--- WHAT THIS TASK INVOLVES ---
Filter the lines below, copying only those with the string "Orlando".

[Crawled caption data]
□ □ □ □
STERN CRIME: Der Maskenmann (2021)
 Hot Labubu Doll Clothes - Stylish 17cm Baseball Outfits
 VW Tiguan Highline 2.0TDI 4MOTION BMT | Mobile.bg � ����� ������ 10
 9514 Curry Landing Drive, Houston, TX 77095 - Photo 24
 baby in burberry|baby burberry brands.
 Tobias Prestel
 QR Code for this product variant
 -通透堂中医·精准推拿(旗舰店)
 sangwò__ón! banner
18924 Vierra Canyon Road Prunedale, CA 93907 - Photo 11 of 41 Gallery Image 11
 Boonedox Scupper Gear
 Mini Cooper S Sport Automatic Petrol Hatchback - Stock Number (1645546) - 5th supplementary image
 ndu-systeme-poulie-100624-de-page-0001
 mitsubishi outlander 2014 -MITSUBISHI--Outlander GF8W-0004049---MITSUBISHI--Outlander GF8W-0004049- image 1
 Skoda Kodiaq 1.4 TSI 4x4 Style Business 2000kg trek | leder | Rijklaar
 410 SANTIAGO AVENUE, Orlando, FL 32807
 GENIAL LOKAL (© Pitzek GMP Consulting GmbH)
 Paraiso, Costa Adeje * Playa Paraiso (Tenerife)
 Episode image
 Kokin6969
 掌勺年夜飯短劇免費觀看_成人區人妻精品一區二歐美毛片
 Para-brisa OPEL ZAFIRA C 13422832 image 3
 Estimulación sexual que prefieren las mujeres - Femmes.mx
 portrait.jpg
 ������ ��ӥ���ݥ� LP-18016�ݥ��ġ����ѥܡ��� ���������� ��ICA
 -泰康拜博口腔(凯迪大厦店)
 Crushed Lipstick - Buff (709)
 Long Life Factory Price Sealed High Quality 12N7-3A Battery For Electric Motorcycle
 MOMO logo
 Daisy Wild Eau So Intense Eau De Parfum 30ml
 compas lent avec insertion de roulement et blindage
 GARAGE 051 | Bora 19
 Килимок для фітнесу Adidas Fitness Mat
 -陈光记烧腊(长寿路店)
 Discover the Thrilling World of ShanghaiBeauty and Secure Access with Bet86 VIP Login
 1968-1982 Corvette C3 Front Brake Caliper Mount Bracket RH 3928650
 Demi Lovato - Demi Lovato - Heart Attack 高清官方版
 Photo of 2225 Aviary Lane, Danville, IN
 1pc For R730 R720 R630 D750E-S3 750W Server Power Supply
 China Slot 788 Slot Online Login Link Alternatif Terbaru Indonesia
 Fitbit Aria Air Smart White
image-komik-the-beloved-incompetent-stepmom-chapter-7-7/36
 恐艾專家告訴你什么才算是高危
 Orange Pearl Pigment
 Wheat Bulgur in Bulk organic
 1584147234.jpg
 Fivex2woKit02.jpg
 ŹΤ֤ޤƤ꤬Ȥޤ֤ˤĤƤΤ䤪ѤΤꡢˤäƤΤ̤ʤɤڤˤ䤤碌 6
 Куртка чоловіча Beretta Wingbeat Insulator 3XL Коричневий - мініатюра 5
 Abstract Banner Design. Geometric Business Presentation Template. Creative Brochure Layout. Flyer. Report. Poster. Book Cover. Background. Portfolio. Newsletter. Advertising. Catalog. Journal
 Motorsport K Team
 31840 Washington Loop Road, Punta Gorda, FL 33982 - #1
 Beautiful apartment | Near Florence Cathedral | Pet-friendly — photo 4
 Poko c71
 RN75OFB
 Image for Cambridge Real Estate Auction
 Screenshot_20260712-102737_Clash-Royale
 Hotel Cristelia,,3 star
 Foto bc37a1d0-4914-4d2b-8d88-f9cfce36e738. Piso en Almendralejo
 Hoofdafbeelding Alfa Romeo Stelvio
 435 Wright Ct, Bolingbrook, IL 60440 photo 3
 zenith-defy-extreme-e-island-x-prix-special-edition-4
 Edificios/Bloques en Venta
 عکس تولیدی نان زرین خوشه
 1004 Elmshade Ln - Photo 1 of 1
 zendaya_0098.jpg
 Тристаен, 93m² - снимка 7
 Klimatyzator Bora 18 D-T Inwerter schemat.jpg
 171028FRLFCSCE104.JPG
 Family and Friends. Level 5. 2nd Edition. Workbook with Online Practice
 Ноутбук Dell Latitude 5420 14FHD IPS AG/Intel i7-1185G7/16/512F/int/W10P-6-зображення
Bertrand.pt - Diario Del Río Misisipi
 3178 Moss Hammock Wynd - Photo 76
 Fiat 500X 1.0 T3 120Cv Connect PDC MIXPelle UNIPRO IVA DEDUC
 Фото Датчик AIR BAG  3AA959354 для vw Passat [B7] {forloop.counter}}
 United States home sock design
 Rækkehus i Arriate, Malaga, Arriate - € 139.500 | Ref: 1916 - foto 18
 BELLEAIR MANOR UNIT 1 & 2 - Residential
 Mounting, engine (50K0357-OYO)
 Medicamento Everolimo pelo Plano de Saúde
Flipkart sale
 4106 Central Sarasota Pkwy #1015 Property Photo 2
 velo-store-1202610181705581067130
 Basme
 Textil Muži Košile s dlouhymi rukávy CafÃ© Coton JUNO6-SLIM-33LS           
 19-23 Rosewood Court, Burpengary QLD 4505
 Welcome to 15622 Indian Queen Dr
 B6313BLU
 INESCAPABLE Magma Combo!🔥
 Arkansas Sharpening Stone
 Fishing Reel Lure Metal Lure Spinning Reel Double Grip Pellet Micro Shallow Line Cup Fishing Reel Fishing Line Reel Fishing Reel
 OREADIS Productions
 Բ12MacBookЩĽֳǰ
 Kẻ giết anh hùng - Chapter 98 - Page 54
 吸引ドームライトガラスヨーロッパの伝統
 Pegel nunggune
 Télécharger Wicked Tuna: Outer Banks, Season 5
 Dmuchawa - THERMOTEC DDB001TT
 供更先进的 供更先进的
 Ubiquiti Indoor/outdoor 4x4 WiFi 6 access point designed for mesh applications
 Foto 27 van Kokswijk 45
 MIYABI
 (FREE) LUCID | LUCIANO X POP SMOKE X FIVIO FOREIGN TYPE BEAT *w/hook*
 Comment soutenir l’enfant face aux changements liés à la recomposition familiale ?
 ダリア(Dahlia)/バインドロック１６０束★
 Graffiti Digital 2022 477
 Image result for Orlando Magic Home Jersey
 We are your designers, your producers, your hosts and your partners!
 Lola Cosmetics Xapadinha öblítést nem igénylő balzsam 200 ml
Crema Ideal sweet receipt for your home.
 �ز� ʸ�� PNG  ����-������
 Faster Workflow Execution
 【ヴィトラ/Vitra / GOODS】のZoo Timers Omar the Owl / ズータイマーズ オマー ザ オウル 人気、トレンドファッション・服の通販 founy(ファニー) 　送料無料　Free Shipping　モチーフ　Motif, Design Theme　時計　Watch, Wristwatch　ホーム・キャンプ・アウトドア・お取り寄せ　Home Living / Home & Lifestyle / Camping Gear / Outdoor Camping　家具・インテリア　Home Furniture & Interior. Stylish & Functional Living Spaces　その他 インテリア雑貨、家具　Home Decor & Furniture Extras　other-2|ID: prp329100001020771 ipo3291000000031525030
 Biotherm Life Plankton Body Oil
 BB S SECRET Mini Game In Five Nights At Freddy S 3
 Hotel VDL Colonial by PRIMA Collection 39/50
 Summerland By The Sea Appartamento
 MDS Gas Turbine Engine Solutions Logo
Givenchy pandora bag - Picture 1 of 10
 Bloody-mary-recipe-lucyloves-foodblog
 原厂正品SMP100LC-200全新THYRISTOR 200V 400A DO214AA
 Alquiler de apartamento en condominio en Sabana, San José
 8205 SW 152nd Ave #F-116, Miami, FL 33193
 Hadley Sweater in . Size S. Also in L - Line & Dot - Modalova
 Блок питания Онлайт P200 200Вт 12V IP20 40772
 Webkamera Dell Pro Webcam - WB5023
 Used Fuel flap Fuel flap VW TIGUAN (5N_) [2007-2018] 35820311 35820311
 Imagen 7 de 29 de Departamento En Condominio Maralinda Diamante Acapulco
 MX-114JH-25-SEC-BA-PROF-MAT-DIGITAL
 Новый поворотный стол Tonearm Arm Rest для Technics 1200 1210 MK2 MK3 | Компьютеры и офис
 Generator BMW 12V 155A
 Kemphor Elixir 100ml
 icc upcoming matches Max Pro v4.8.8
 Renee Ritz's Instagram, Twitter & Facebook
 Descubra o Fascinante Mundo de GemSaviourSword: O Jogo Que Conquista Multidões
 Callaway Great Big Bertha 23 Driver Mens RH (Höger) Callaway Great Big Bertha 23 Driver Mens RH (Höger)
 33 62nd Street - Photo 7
□ □ □ □
--- RESULT OF THIS EXERCISE ---
 410 SANTIAGO AVENUE, Orlando, FL 32807
 Image result for Orlando Magic Home Jersey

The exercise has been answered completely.